UK Website Of The Year

Home News UK

South Asian-style maths adds up, says schools minister

Published 12/07/2016

Maths mastery is used in south Asian nations including Shanghai, Singapore and Hong Kong
Maths mastery is used in south Asian nations including Shanghai, Singapore and Hong Kong

Thousands of primary schools in England will copy the south Asian style of teaching maths, the Department for Education has said.

A £41 million boost will help more than 8,000 schools - half of the total number in England - receive support to adopt the approach, which is used by leading maths performers including Shanghai, Singapore and Hong Kong.

International tests show that in these places the percentage of 15 year olds who are functionally innumerate - unable to perform basic calculations - was more than 10 percentage points lower than in England.

The south Asian maths mastery approach is already used in a number of England's schools following a teacher exchange programme between England and Shanghai.

The funding will ensure it is used more widely, with an initial 700 teachers to be trained to support schools in maths mastery.
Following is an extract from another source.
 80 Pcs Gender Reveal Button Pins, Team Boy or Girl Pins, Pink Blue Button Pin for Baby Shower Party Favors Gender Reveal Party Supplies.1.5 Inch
Initially used in England in 2014, maths mastery involves children being taught as a whole class, building depth of understanding of the structure of maths, and is supported by the use of high-quality textbooks.

Schools minister Nick Gibb, who visited Shanghai in March to see maths teaching in practice, will announce the expansion on Tuesday in a speech at the Advisory Committee on Mathematics Education (ACME) conference.

Mr Gibb said: "We are seeing a renaissance in maths teaching in this country, with good ideas from around the world helping to enliven our classrooms.

"The significant expansion of the south Asian maths mastery approach can only add to the positive momentum, with thousands more young people having access to specialist teachers and quality textbooks.

"I am confident that the steps we are taking now will ensure young people are properly prepared for further study and the 21st-century workplace, and that the too often heard phrase 'can't do maths' is consigned to the past."